Directions for this task: Print all the data below exactly, without images.

Start of Dataset extract

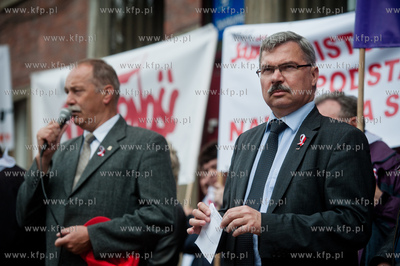 Gdansk. Manifestacja przed Urzedem Marszalkowskim zorganizowana...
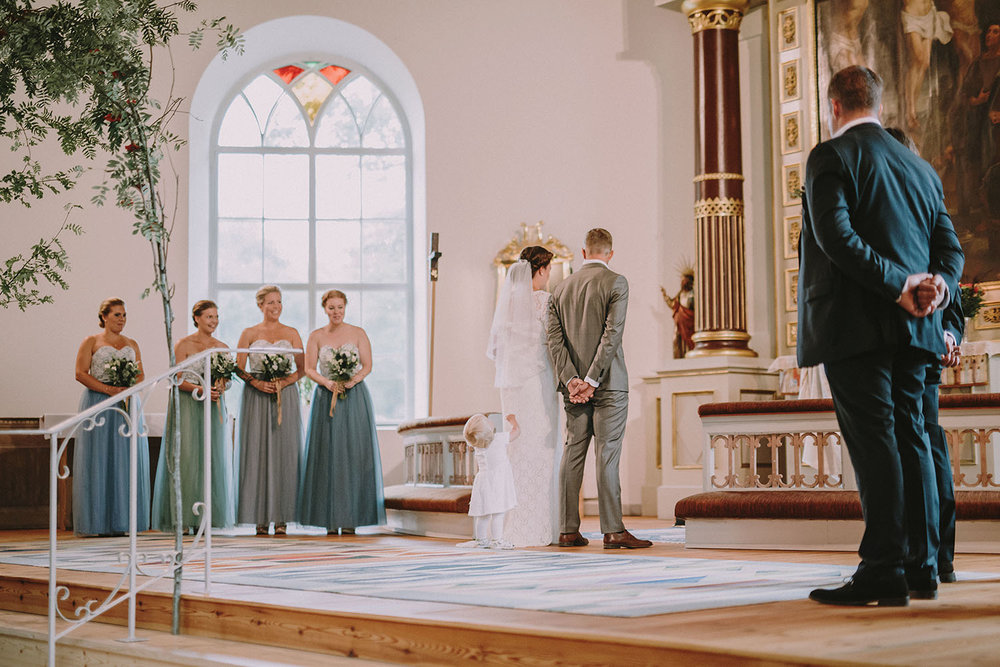 Brudnäbb går fram till brudparet framme vid altarringen i kyrkan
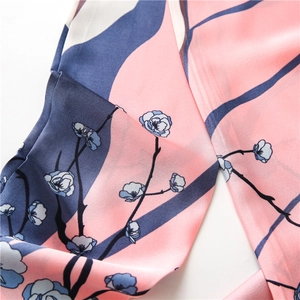 Élégant foulard en soie étroit avec motif de fleurs de prunier rose et bleu et fini satiné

End of Dataset extract

Written reply:
 Gdansk. Manifestacja przed Urzedem Marszalkowskim zorganizowana...
 Brudnäbb går fram till brudparet framme vid altarringen i kyrkan
 Élégant foulard en soie étroit avec motif de fleurs de prunier rose et bleu et fini satiné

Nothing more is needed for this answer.